Outra condição tem por objetivo romper os laços com grupos de pessoas que possam facilitar a reiteração criminal. O apenado em tratamento pode ser proibido de se relacionar com determinadas pessoas ou membros de bandos ou de organizações criminosas. 

Também é possível estabelecer medidas de controle como comparecimento judicial, policiais ou de serviços da administração penal. 

Pode ser exigida a participação em programas formativos, laborais, culturais e de educação sexual, ambiental, de proteção de animais, de igualdade e não discriminação ou similares. 
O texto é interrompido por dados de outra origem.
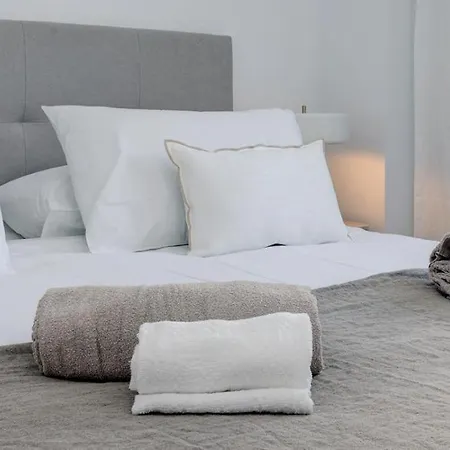 Brand New, Elegant Three Bed * 埃斯特波纳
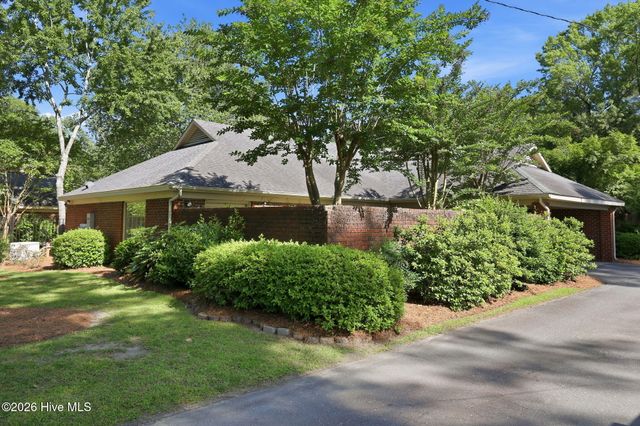813 Greenbriar Road, Kinston, NC 28501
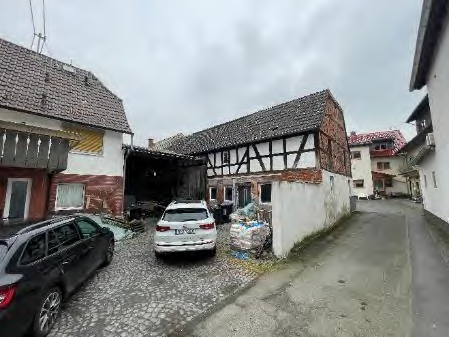 Foto 2 von 39 — Mehrfamilienhaus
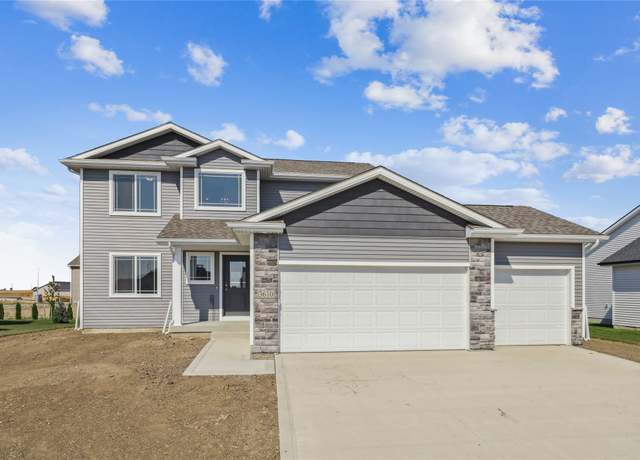 Property at 3610 NW 27th St, Ankeny, IA 50023, 3 beds, 2.5 baths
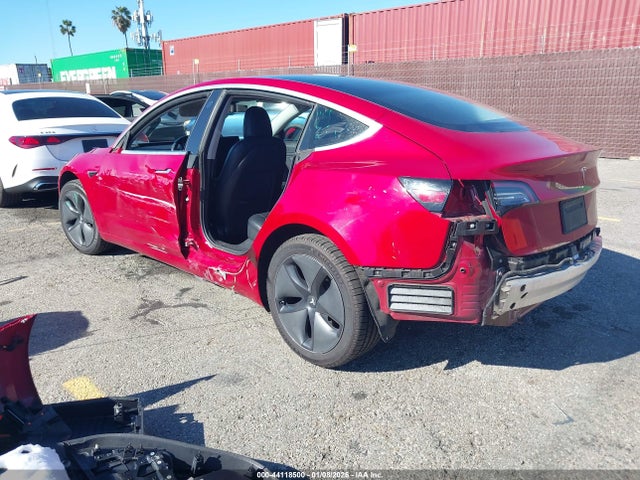 44118500 :رقم المزاد ، 5YJ3E1EA1KF299119 vin ، 2019 Tesla Model 3 Long Range/mid Range/standard Range/standard Range Plus مزاد بيع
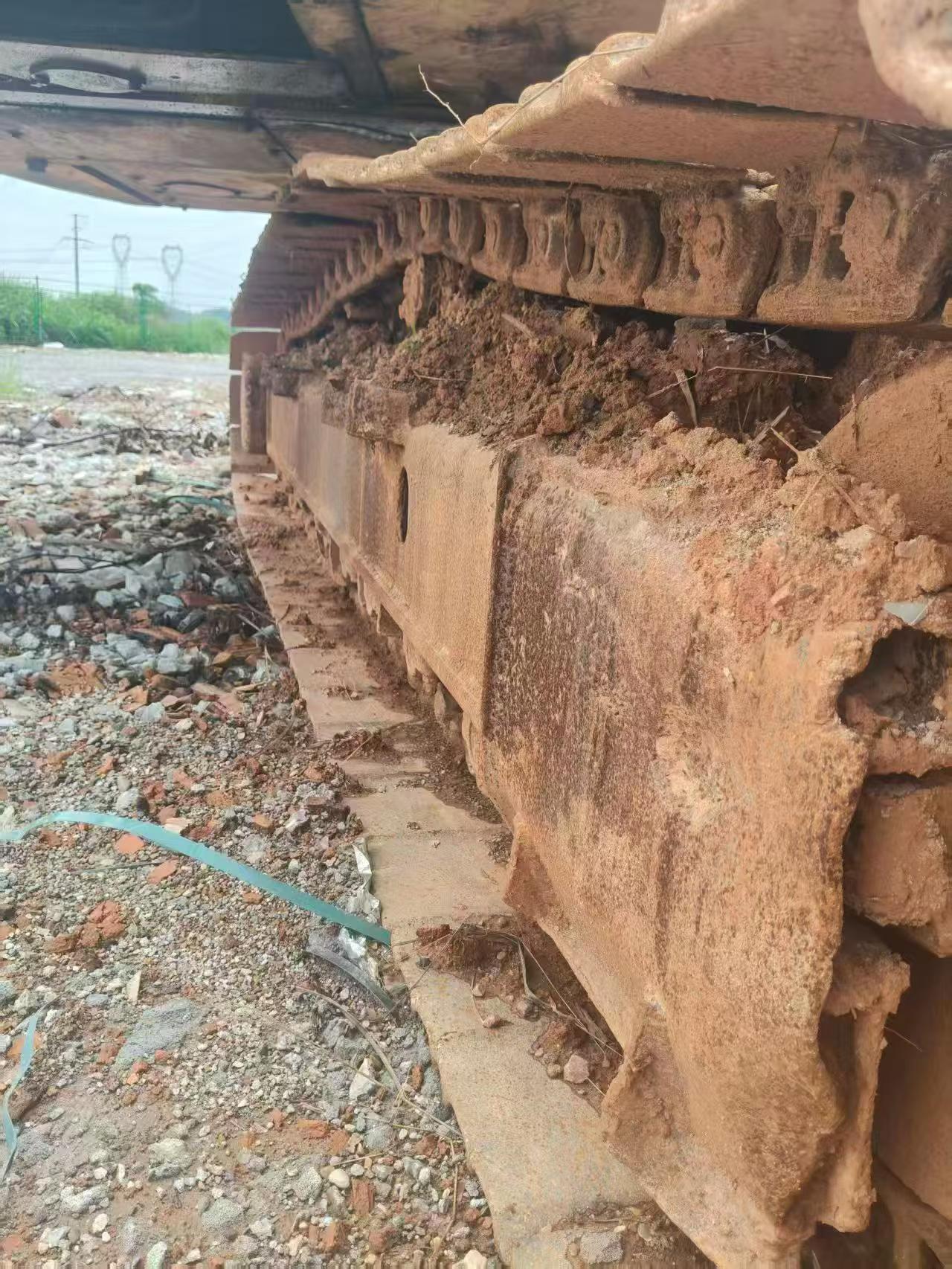 Buy Komatsu HB215LC-1 Used Excavator / 3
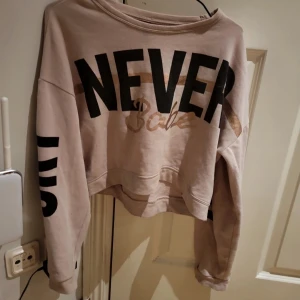 Rosa magtröja - En rosa magtröja i storlek S, från new yorker. Den säger "never babe" och "cry" på armarna.   Väl använd och har några lösa trådar.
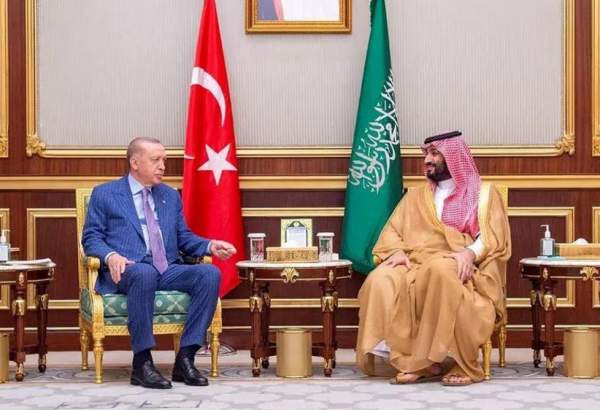 Turkey signs its biggest military contract with Saudi Arabia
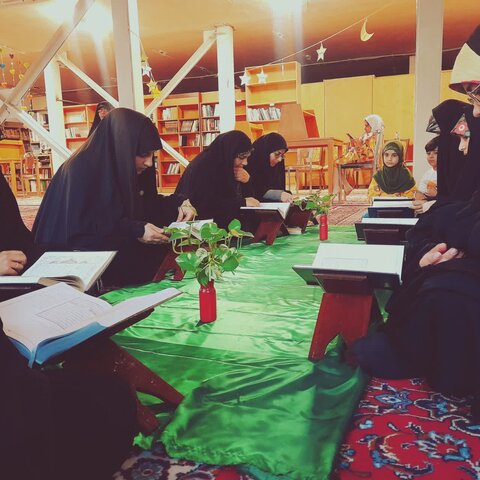 تصاویر/برگزاری مراسم افطاری در مدرسه علمیه الزهرا اراک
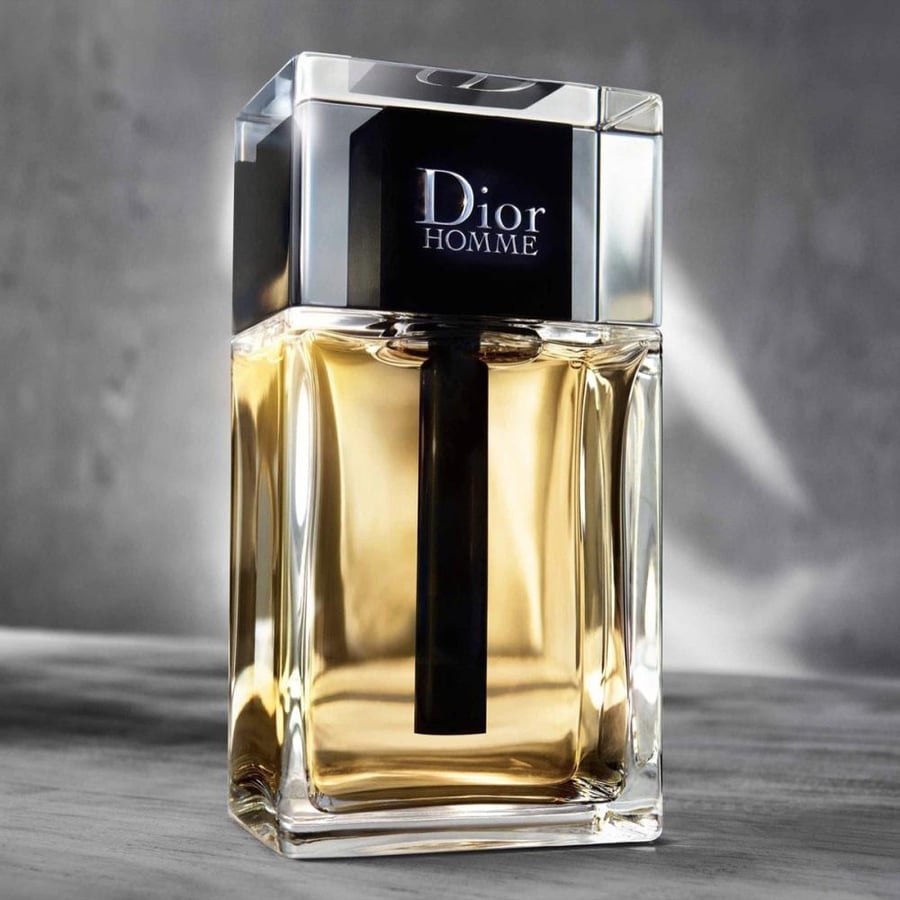بوكس ميني عطر رجالي ديور هوم او دو تولت الجديد 10 ML مع شور جل 20 ML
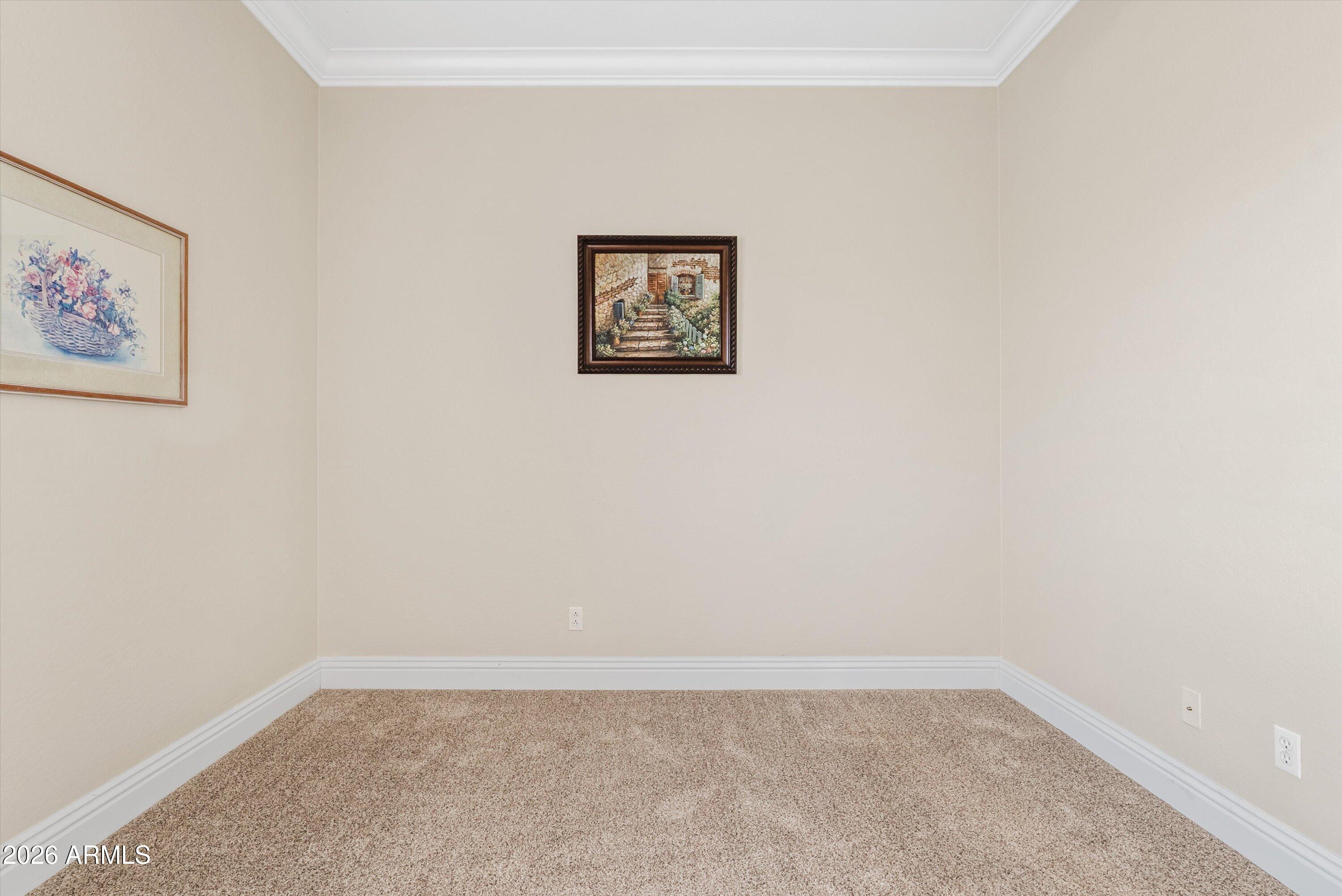 6926 S ST RUBEN Avenue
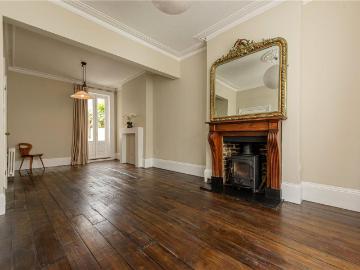 5 bedroom end of terrace house to rent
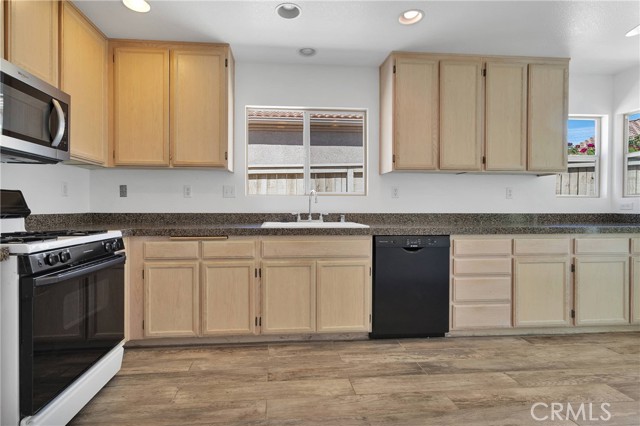 Detail Gallery Image 10 of 42 For 40684 Corte Albara, Murrieta,  CA 92562 - 3 Beds | 2 Baths
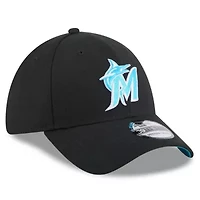MLB Miami Marlins 2024 Father's Day 39THIRTY Flex Hat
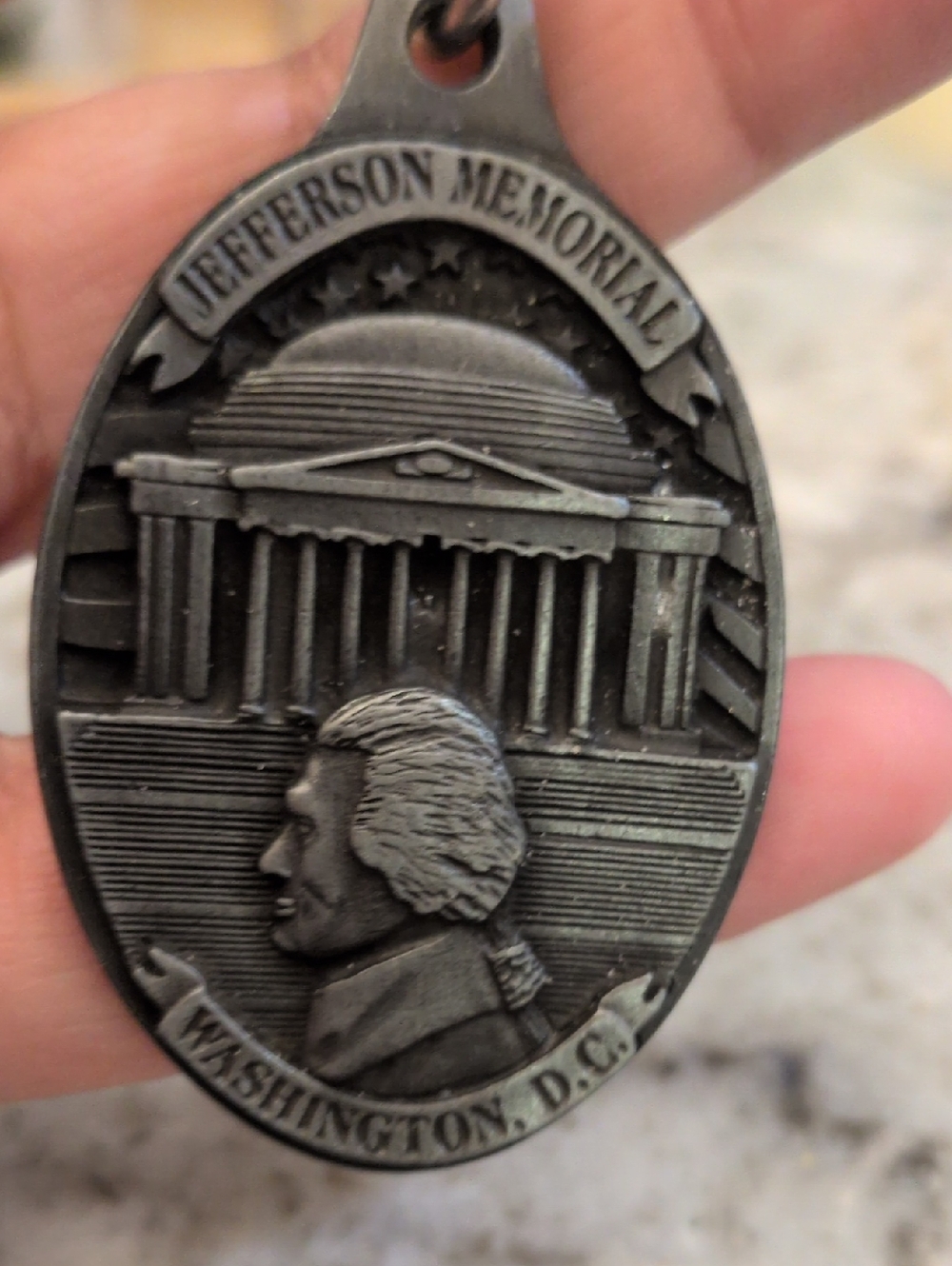 Jefferson Memorial Oval Keychain - Black/Silver Pewter Finish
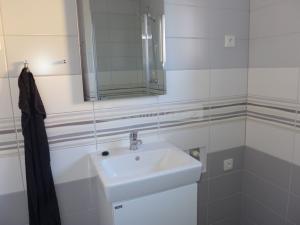 Pronájem bytu 2+1, Dýšina, Jižní, 50 m2
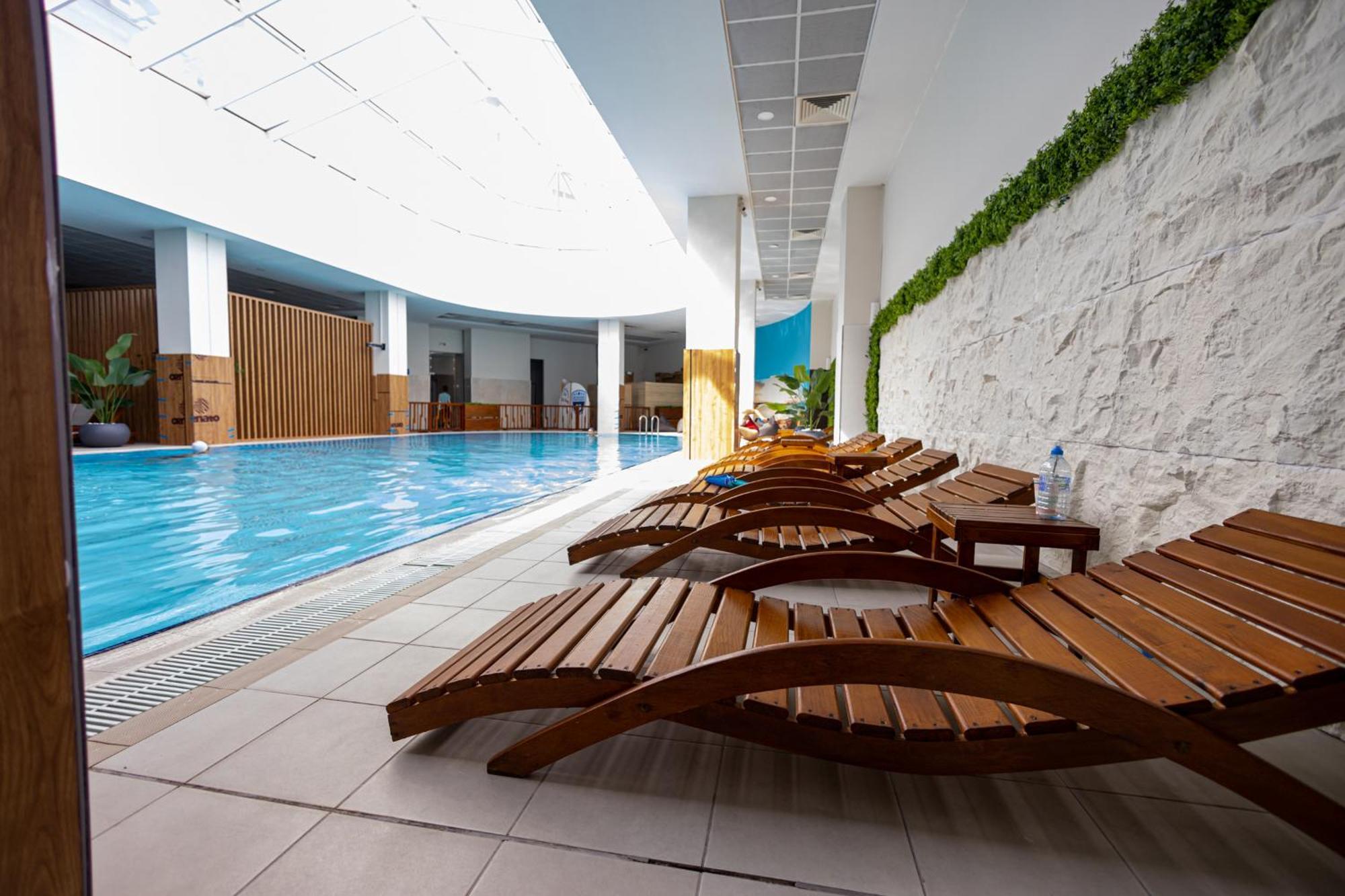 סקופיה 19Th & 18Th Floor Secure Apartments With Pool & Fitness & Parking Included In Price מראה חיצוני תמונה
A participação em programas de desintoxicação para o consumo de álcool, drogas lícitas ou ilícitas é uma das medidas mais importantes que pode ser adotada por esse modelo de Justiça, denominada por alguns como terapêutica.  

Valoriza-se também o cumprimento de acordos construídos em mediação penal entre o apenado e a vítima, buscando reparar o dano. A obrigação de realizar trabalhos comunitários também é possível durante o período de suspensão da execução da pena privativa de liberdade. 

Todas essas medidas são comunicadas aos setores de segurança pública, que devem estar devidamente organizados para fiscalizar o cumprimento das condições. A cooperação interinstitucional e o uso das novas tecnologias, inclusive de inteligência artificial, podem, com menor custo, criar uma nova governança e um ambiente de maior controle e segurança pública, tornando as medidas alternativas mais eficazes que a prisão para a redução dos índices de criminalidade.  

Porém, em caso de descumprimento ou cometimento de novo crime, o juiz pode converter a medida em prisão, o que se busca evitar, mas não se pode descartar que em muitos casos será necessário. 

Percebe-se que a Espanha, ao adotar tal modalidade alternativa em casos de apenados dependentes químicos, reforça o princípio da individualização da pena, uma vez que reconhece a preponderância da drogadição no cometimento do crime e a importância de tratamento da questão de fundo, consumo de drogas, para evitar a reincidência criminal. 

Mais que prender e punir, de olho no passado, a Espanha mira o futuro e almeja preparar o apenado para o retorno ao convívio social e familiar. 

Essa experiência estrangeira é de grande importância para a realidade brasileira. Para se ter noção da relevância da influência da droga no cometimento de crimes, dados da Central de Penas Alternativas de Florianópolis revelam que, dos 621 indivíduos encaminhados para atendimento e acompanhamento após a audiência de custódia, 508 atendidos revelaram ser usuários de drogas lícitas e ilícitas.  

Por fim, para os crentes no mito da prisão como única tecnologia social para efetivamente enfrentar o crime organizado (um dos objetivos do “projeto anticrime”), é preciso lembrar que o recrutamento dos jovens acontece nas ruas, com a oferta de drogas e o convite para participar do lucrativo comércio ilícito. Porém, o “plano de fidelidade” é oferecido e contratado nos presídios, com a promessa de proteção e assistência, benefícios para os jovens recrutados e encarcerados, que acabam sem alternativas para abandonar essas organizações, muito vezes por medo de represálias. 

Portanto, é preciso reverter essa lógica com alternativas penais sustentáveis, muito mais eficazes para evitar os riscos criminógenos derivados da imersão no ambiente carcerário, especialmente no caso de dependentes químicos.